Natural Health News — Faced with the inevitability of death, we all wish for good care during the final stage of our lives.
A new international study undertaken by Swedish researchers shows that palliative care requires us make complex decisions that weave physical, psychosocial and existential dimensions into a functional whole.
It further shows that even when a patient gets past the point where any drugs can help, non-pharmacological caregiving at the end of life is a complex skill rather than just a matter of providing ‘the basics’.
“To be sure, palliative care is all about satisfying fundamental human needs, but what we found in our study was that it entails so much more than one might at first assume,” says Olav Lindqvist, researcher at the Medical Management Centre at Karolinska Institutet.
“If we are to further develop palliative care, we must learn more about this type of daily caregiving and tease out its nuances.”
What to give when you can’t give drugs
The study, which is published in PLoS Medicine, is part of a recently concluded three-year international project involving patients and caregivers in Germany, Italy, the Netherlands, Slovenia, Sweden, Switzerland, the UK, Argentina and New Zealand.
Its aim was to identify variations in non-pharmacological activities carried out as part of specialised palliative caregiving and to answer the question: What do caregivers actually do during the final days of a patient’s life apart from administer drugs?
The study included sixteen palliative outpatient and inpatient clinics in nine countries. The staff at each clinic was asked to record non-pharmacological activities that were carried out during the final days of a patient’s life, for three to four weeks.
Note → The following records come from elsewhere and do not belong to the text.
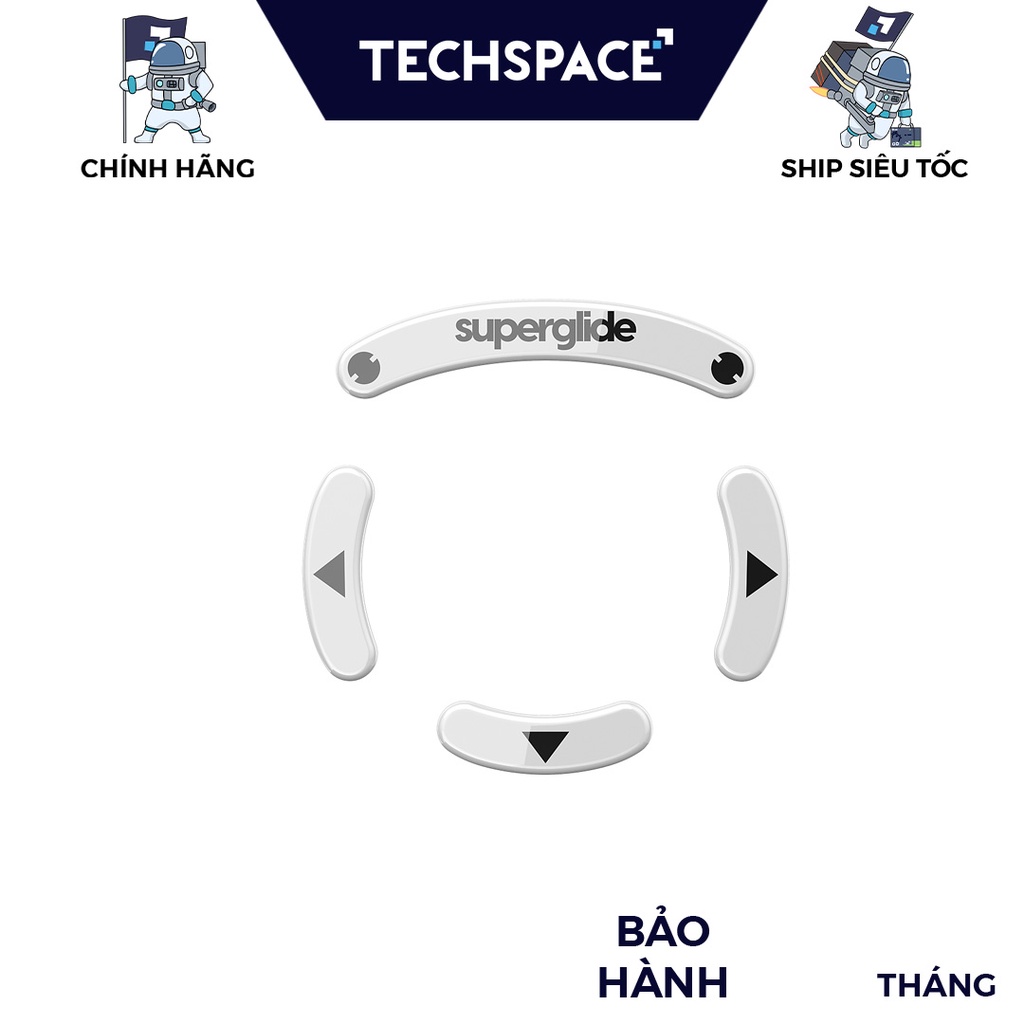Feet chuột Pulsar Superglide – Logitech G Pro Wireless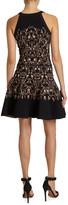 Thumbnail for your product : Alaia Closerie Print Jersey Halter Dress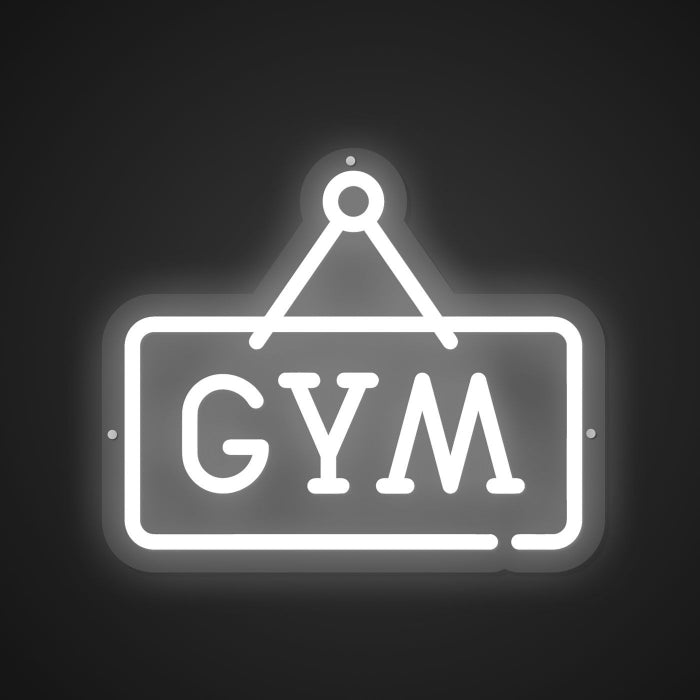 Illuminated Gym Neon Pulse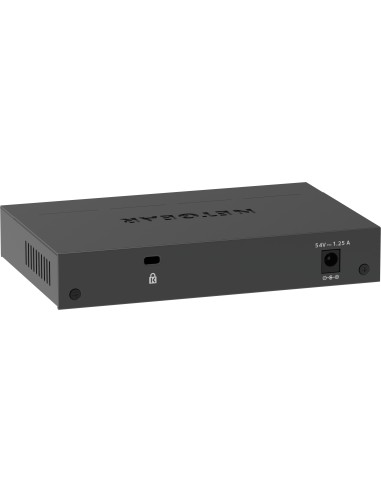 NETGEAR 5-Port Gigabit Ethernet PoE+ Plus Switch (GS305EP) Gestito L2 L3 Gigabit Ethernet (10 100 1000) Supporto Power over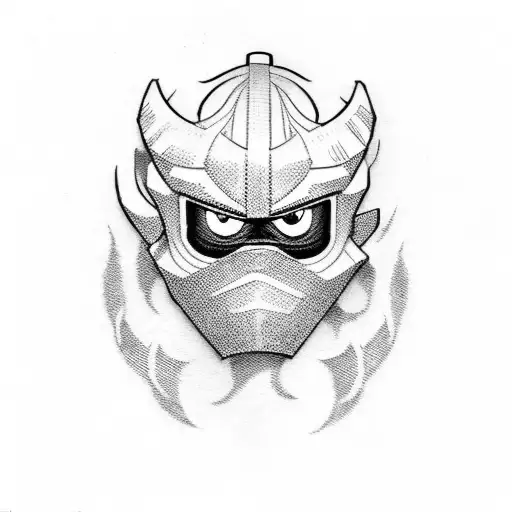 Ninjago  tattoo design idea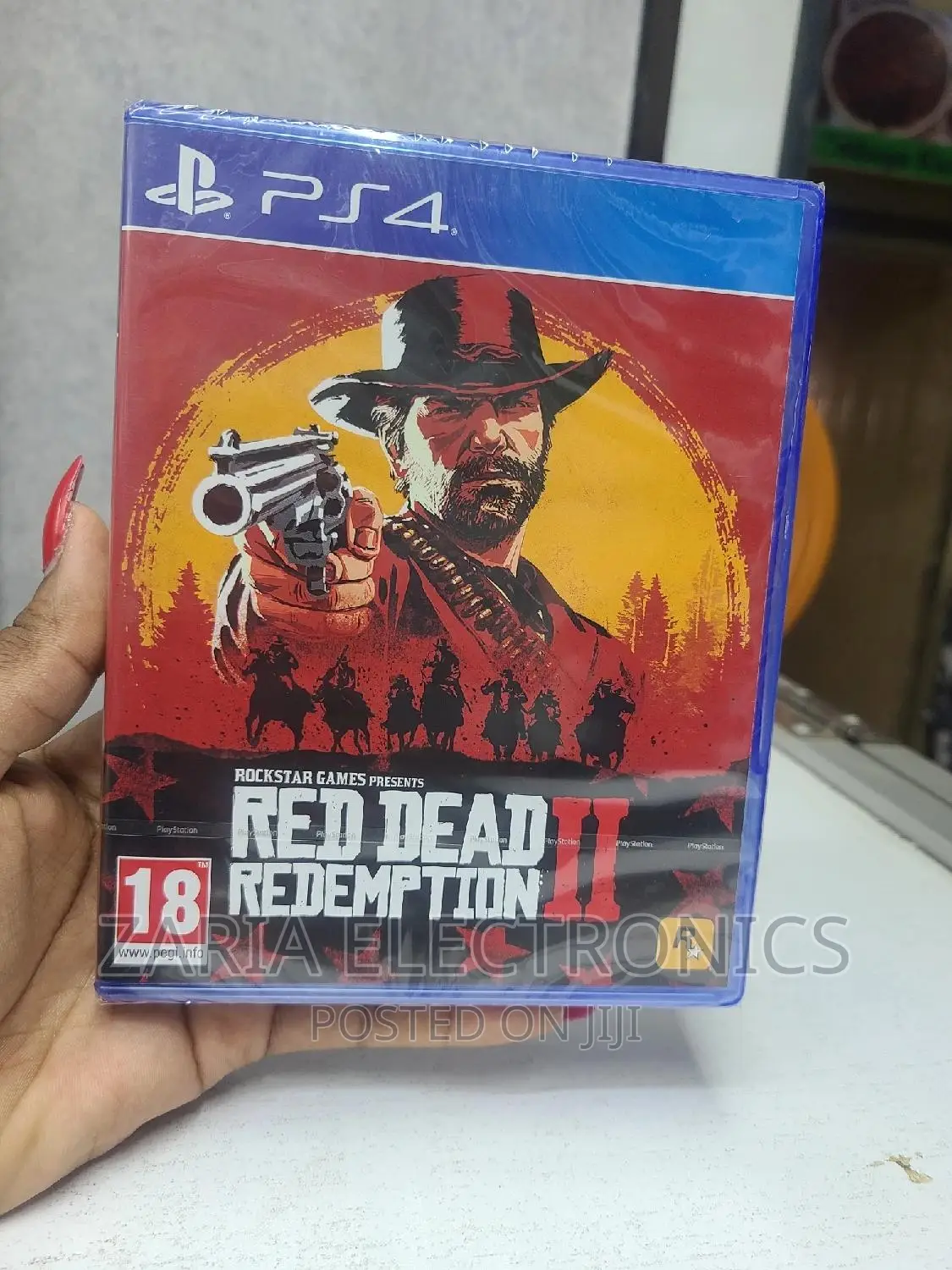 Ps4 Red Dead II Redemption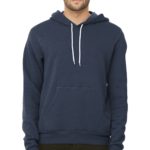 BELLA+CANVAS  ®  Unisex Sponge Fleece Pullover Hoodie - 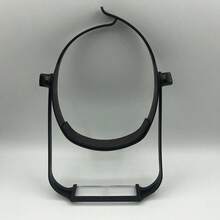 1 chiếc kính lúp đeo đầu rảnh tay với 4 thấu kính, độ phóng đại 1.6x 2.0x 2.5x 3.5x, thích hợp cho đọc sách, làm tranh đính đá, thêu thùa, sửa chữa đồ trang sức. - Nhiều màu - Xem 6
The complexity of death rituals
It found three key areas that are sometimes overlooked in palliative care, namely bodily care and contact, a secure, aesthetic and comfortable environment, and death-related rituals.
“The caregivers described different kinds of communication with patients and relatives, from the giving of advice to communication through non-verbal, physical contact,” says Dr Lindqvist. “Rituals surrounding dying and death were not only spiritual or religious but also more subtly existential, legal and professional.”
The study also found that non-pharmacological palliative care is based on a number of complex and sophisticated decisions on the part of the caregiver regarding not only what can be done or should not be done, but also when, how and why to whom.
“A good example of this is oral care, which is an important aspect of the care given to a dying person,” says Dr Lindqvist. “It’s likely to make the dying person feel better and could ease contact with relatives since it becomes difficult to be close when someone’s breath smells strongly.
“But what happens if the patient refuses oral care? The nursing staff than has to deal with a complicated ethical dilemma. Oral care can also give relatives an opportunity to participate in the caring of a dying relative, and if they do this, it’s something that the caregivers must be able to take into consideration.”
How doctors die
The study comes at a time when end of life issues have received a great deal of media attention. Two weeks ago a thoughtful, moving article entitled ‘How Doctors Die’ was published by online magazine Zocalo Public Square.
It’s author Dr Ken Murray, Clinical Assistant Professor of Family Medicine at University of Southern California argued that, faced with a fatal illness most doctors would not choose to undergo the very treatments that they ply so enthusiastically onto their own patients. He described these treatments as ‘futile care’ in that they are gruelling, often painful, debasing and in the end do not produce the desired result of saving a person’s life.
This provoked an unusually thoughtful response in Britain’s Daily Mail by its medical columnist Dr Martin Scurr who agreed that if faced with a diagnosis of cancer, for instance, he would opt to try to enjoy the rest of his life as best he could.
Both articles are essential reading because they bring focus to the issue of end of life care – something that is so essential but which we still seem to find so difficult to talk openly about.